* What you have to do *
Although pictures appear in the data, the answer should contain only the lines from its start through the line with "Set Men's Autumn", written out exactly.

(Source records)
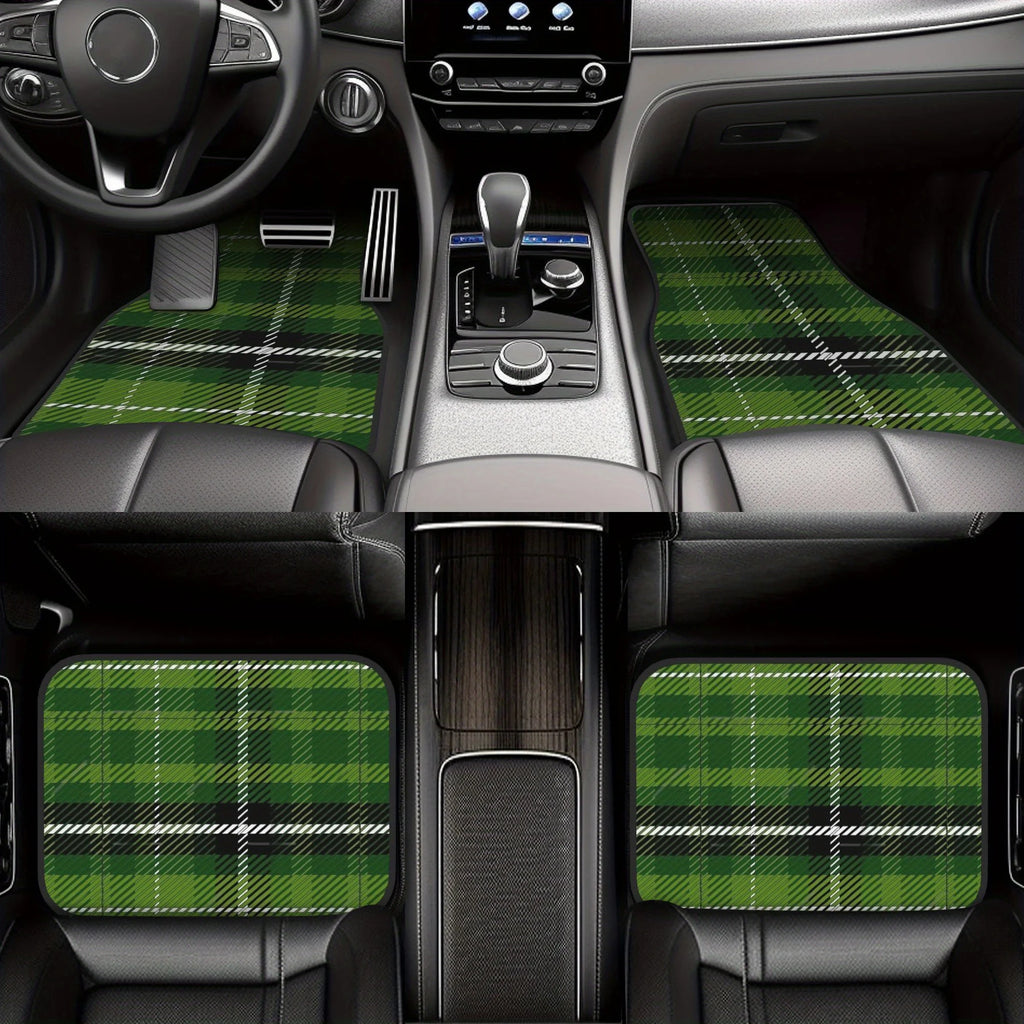 Green Tartan Car Floor Mats – 4-Piece Plaid Polyester Set Car Floor Mats HIP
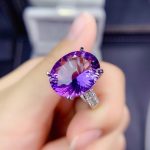 Silver Plated Anti Tarnish American Diamond Crushed Ice Cut Purple Contemporary Finger Ring - VAIRAVI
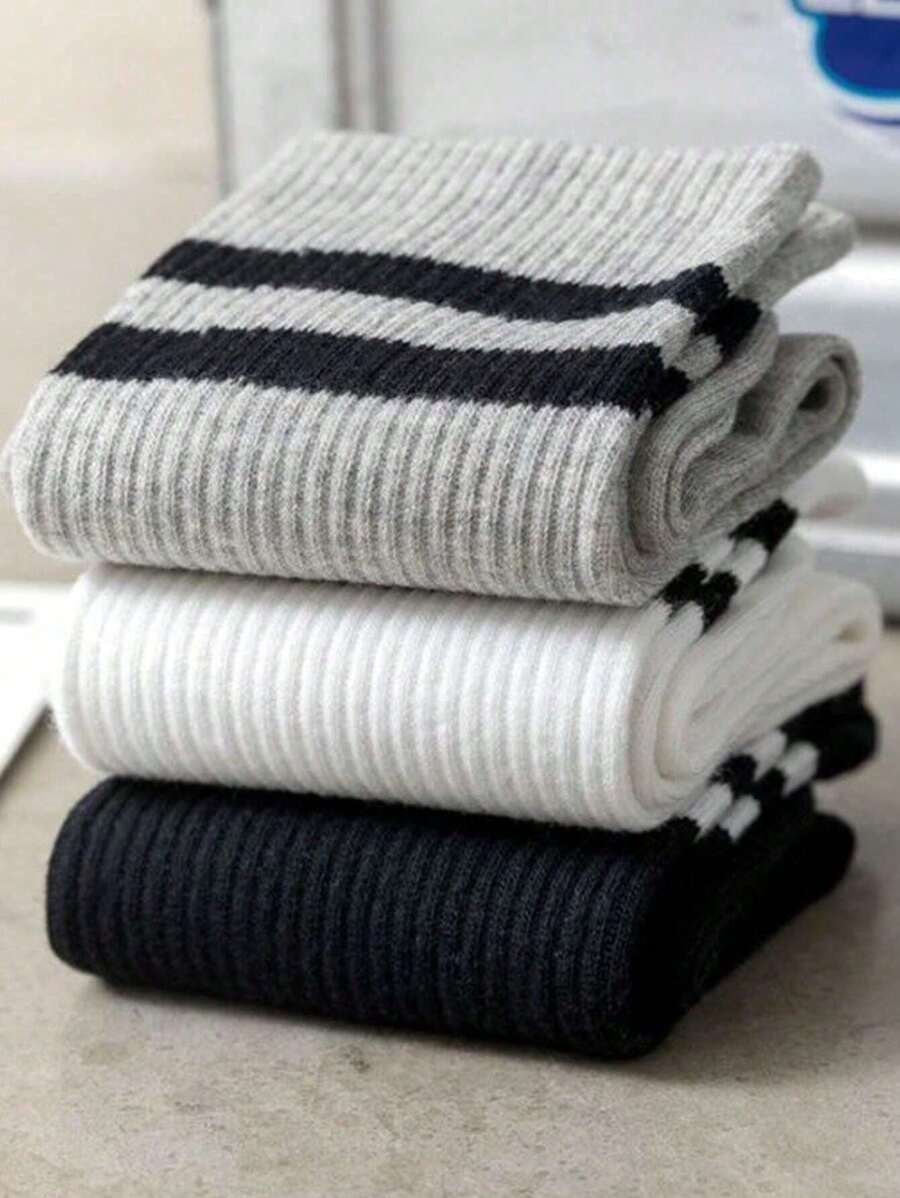 Set Men's Autumn Double Stripes Black, White, Gray Casual Sports Socks-4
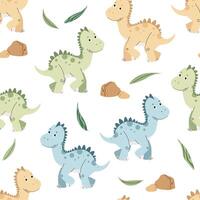 Seamless pattern with cute dinosaurs in flat style. Repeating background with baby dinosaur and leaves. Childish background for fabric, wallpaper, wrapping paper vector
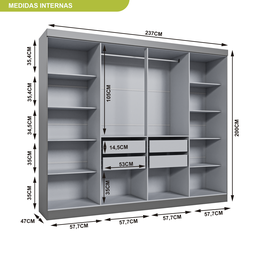 Guarda Roupa Casal 8 Portas 4 Gavetas Paris Espresso Móveis - 6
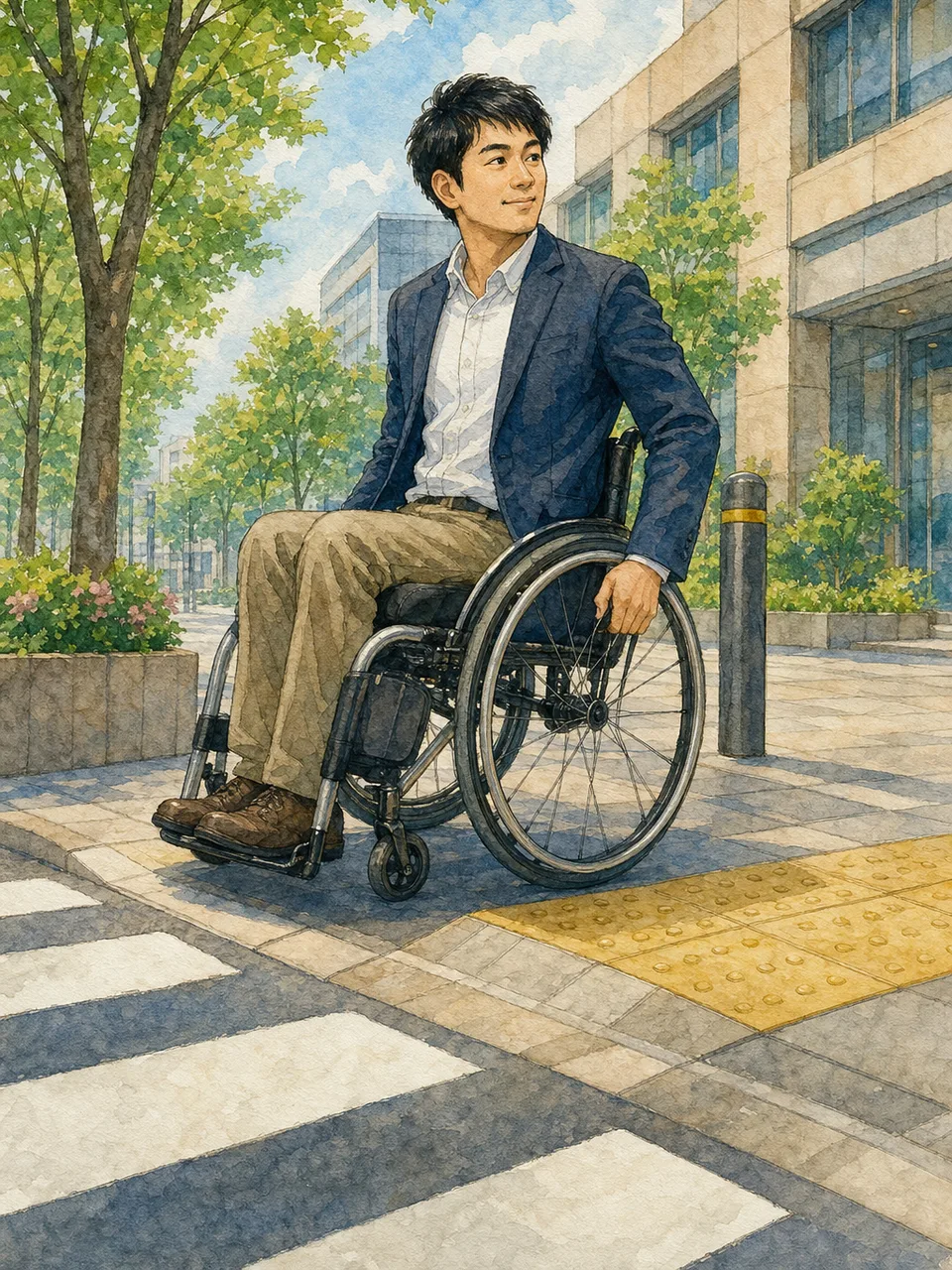 車いすで通勤する日本人（手描き水彩）。車いす通勤、車椅子、バリアフリー、会社員の記事や案内に使える商用素材です。
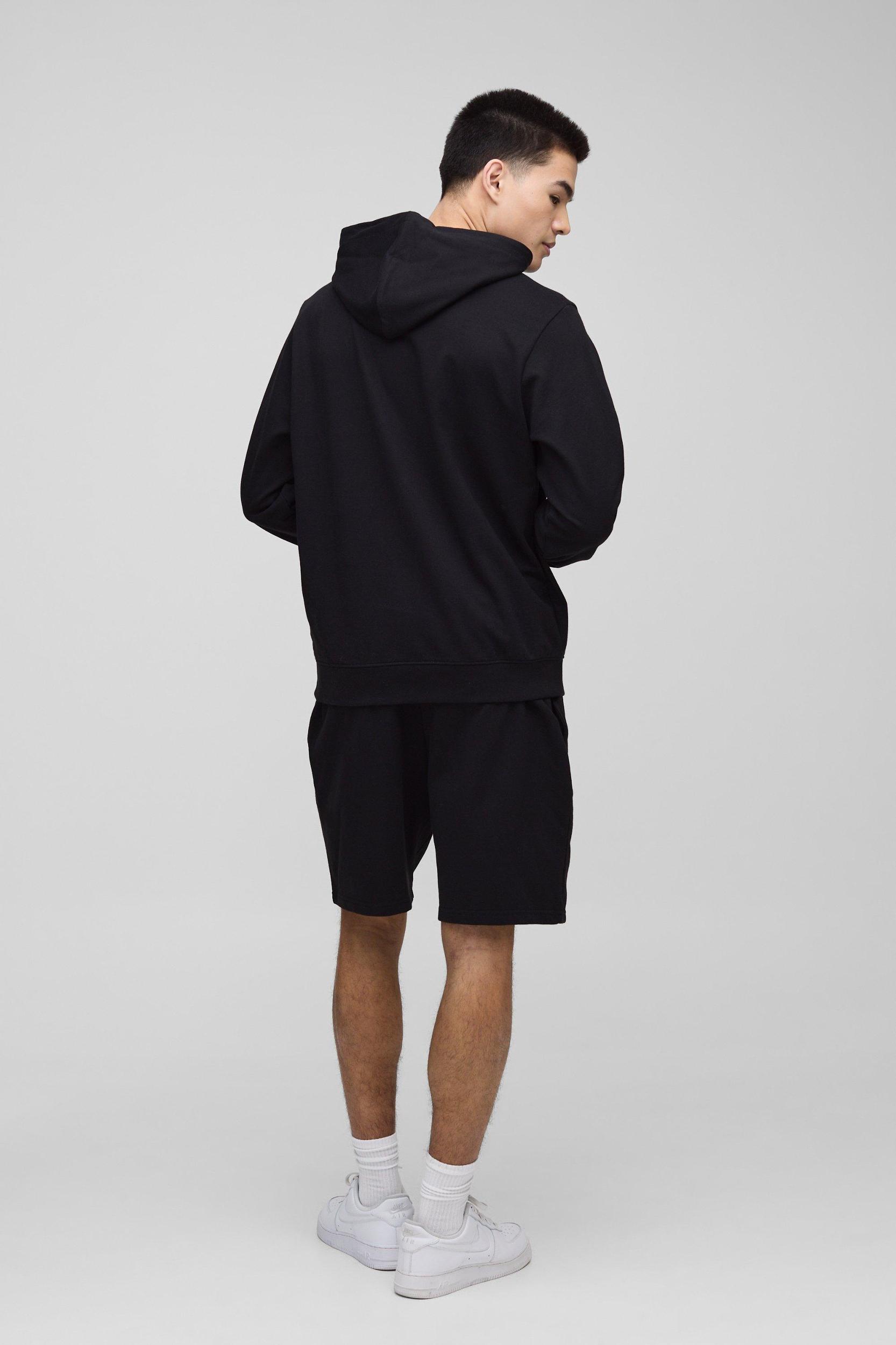 260GSM Loopback Basic Regular Fit Over The Head Hoodie and Relaxed Jersey Short Set | boohooMAN USA Product Image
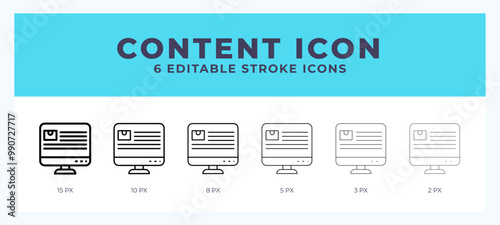Content icon vector for web. And mobile app. Editable stroke outline icon.
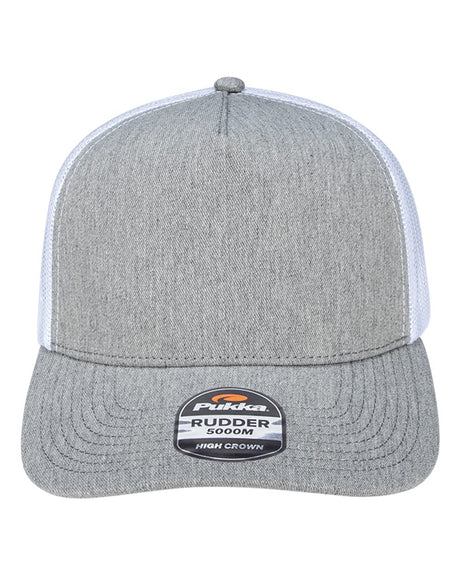Pukka Rudder Five-Panel Cap. 5000M - Grey Heather/ White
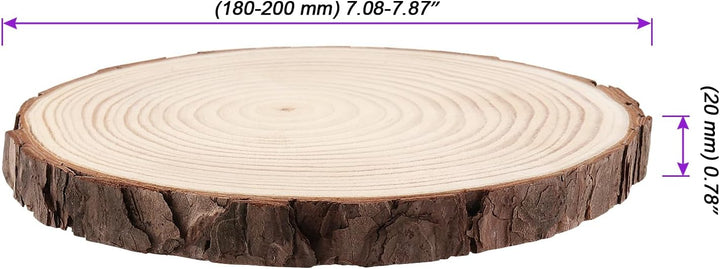 6 Stück 18-20cm Unvollendete Holzkreise, Natur Holzscheiben Rund Baumscheiben, Klein Holzscheiben zu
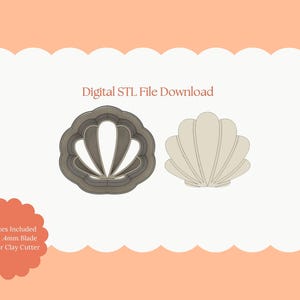 Op de afbeelding: Digitale STL-bestand download met een schelpmotief. De afbeelding toont een schelpkoekjesvorm en een schelpomtrek. De tekst luidt "All Sizes Included Sharp 4mm Blade Polymer Clay Cutter".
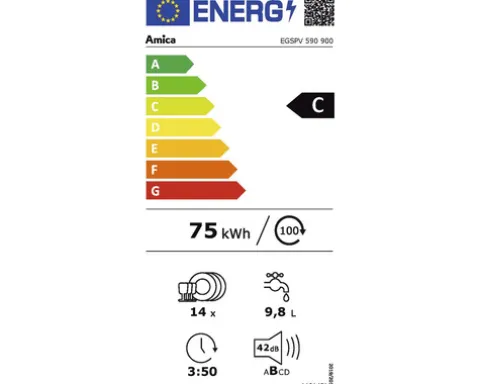 Vollintegrierter Geschirrspüler Amica EGSPV 590 900 für 14 Maßgedecke 9,8 l 42 dB (A)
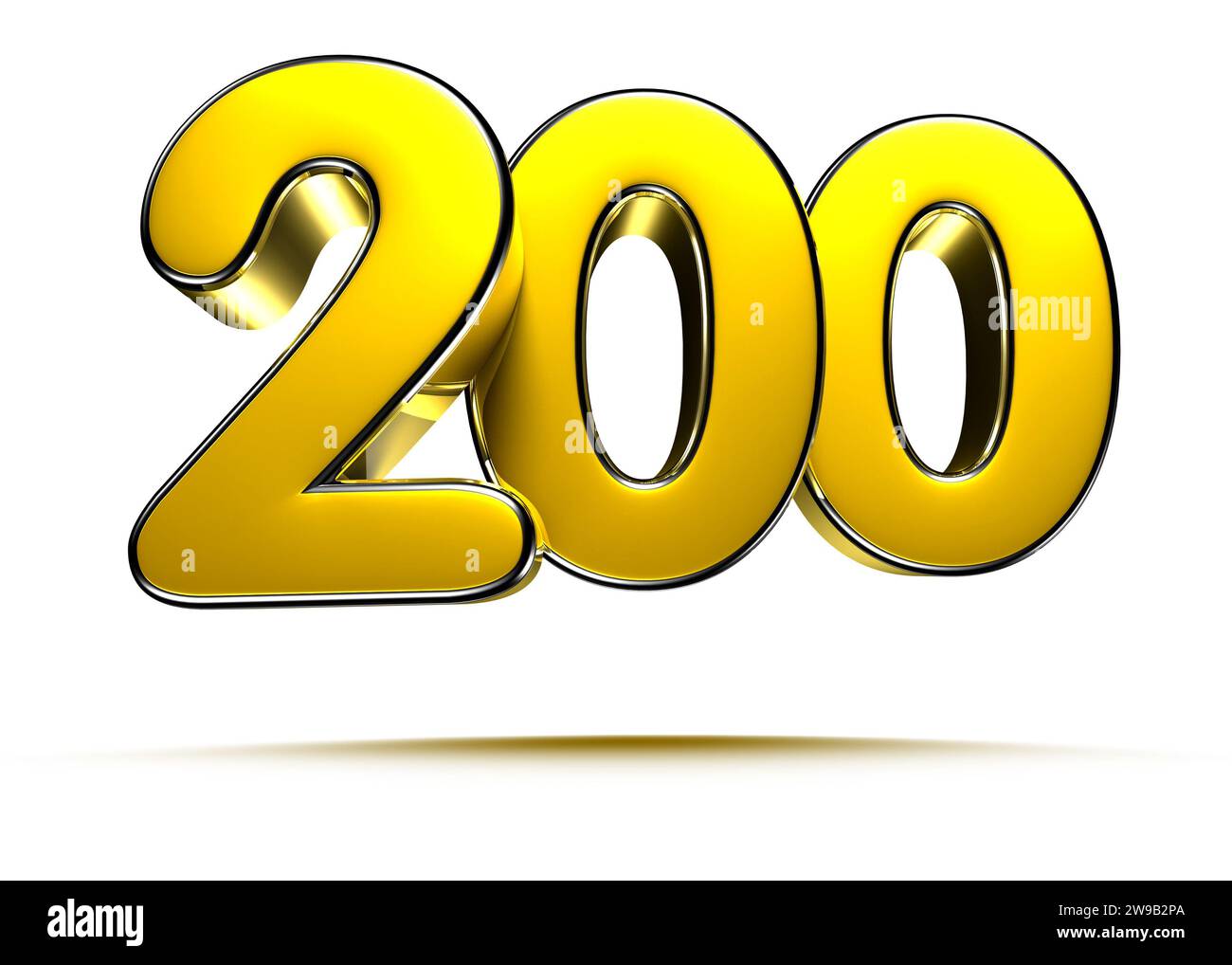200 ilustración 3D de oro sobre fondo blanco tienen trayectoria de 200 ilustración 3D de oro sobre fondo blanco tienen trayectoria de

* Task output *
 Green Tartan Car Floor Mats – 4-Piece Plaid Polyester Set Car Floor Mats HIP
 Silver Plated Anti Tarnish American Diamond Crushed Ice Cut Purple Contemporary Finger Ring - VAIRAVI
 Set Men's Autumn Double Stripes Black, White, Gray Casual Sports Socks-4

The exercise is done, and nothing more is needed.